§ TASK INSTRUCTIONS
Write out each entry below exactly; the images do not belong in your copy.

§ LISTED ENTRIES
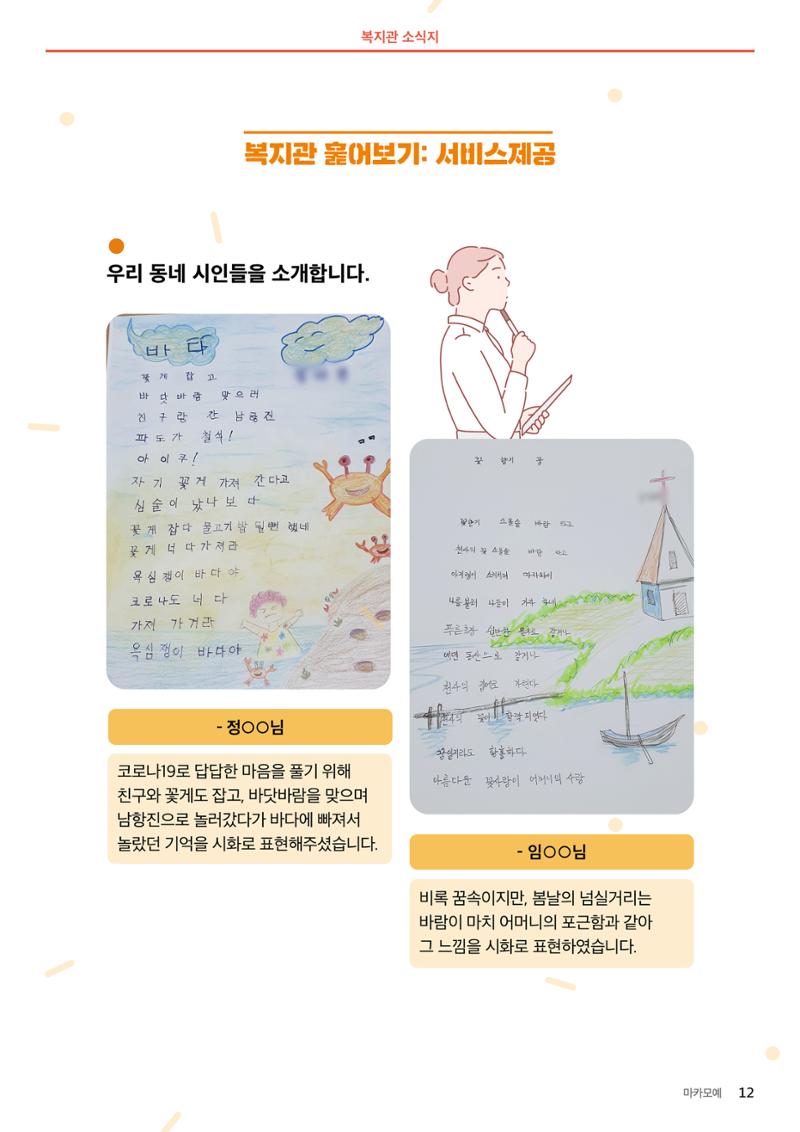 [마카모예 1호] 강릉종합사회복지관 소식지 12페이지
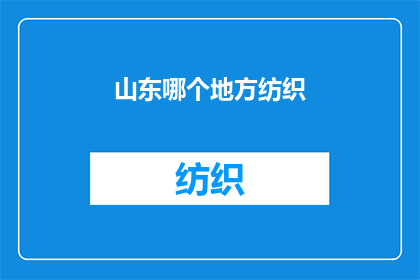 山东哪个地方纺织(山东哪个地方纺织业发达？)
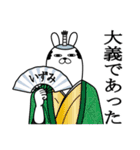 いずみが使う面白名前スタンプ武士語（個別スタンプ：7）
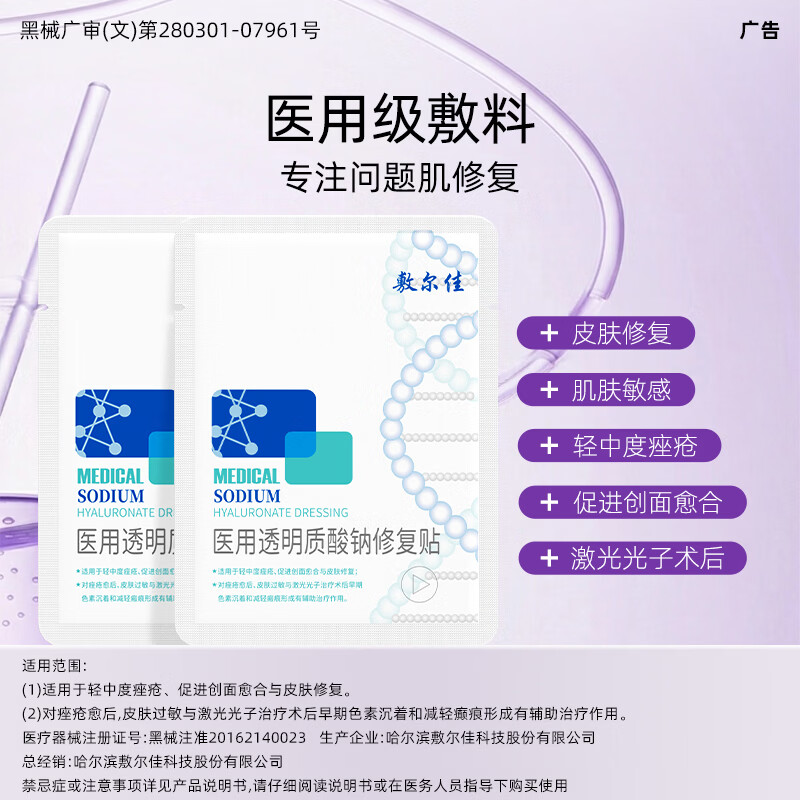 敷尔佳【爆款组合】械字号 医用敷料 2片体验装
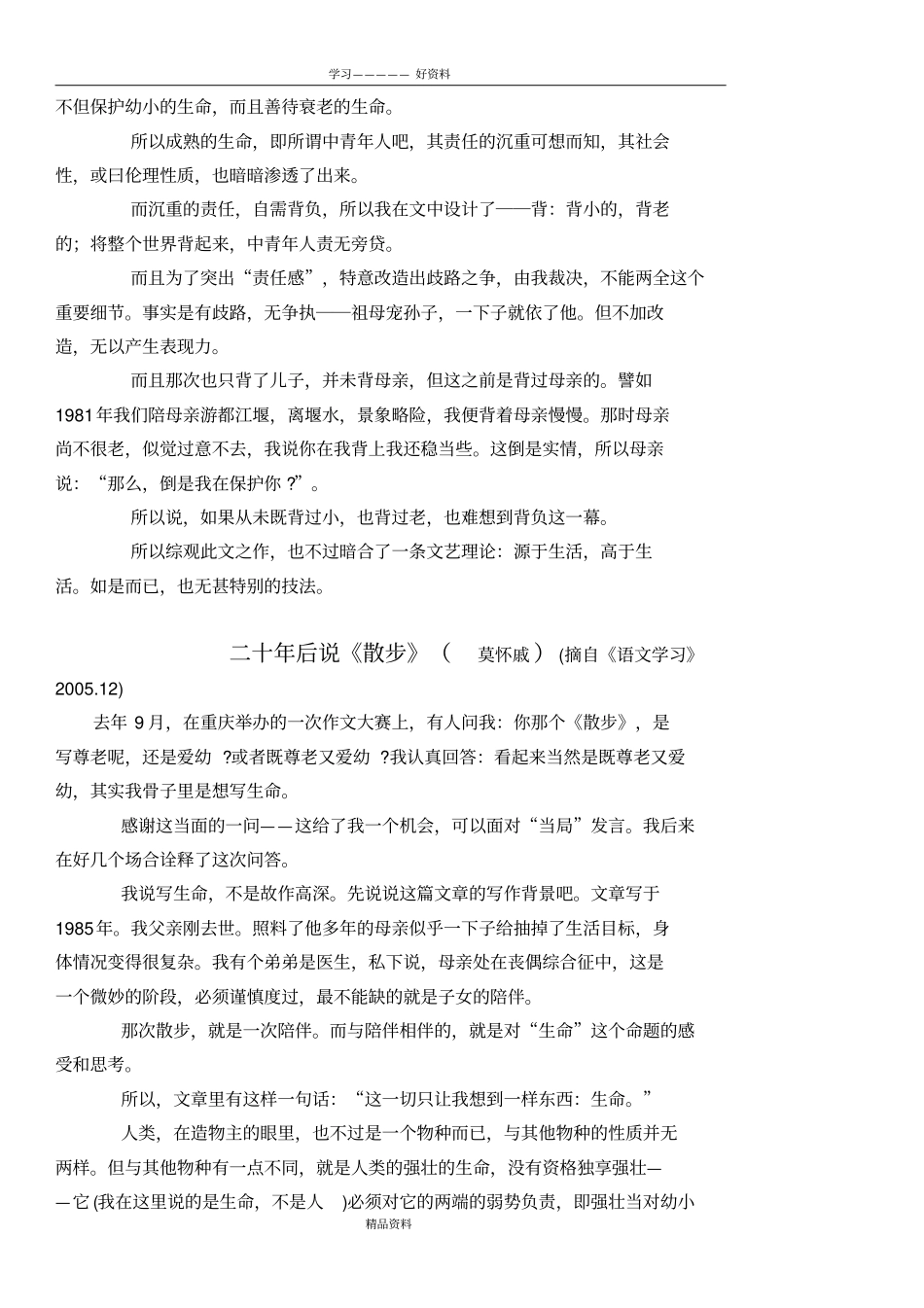 莫怀戚散步扩展阅读教学文案_第3页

§ TASK RESPONSE
 [마카모예 1호] 강릉종합사회복지관 소식지 12페이지
 山东哪个地方纺织(山东哪个地方纺织业发达？)
 いずみが使う面白名前スタンプ武士語（個別スタンプ：7）
 敷尔佳【爆款组合】械字号 医用敷料 2片体验装
 莫怀戚散步扩展阅读教学文案_第3页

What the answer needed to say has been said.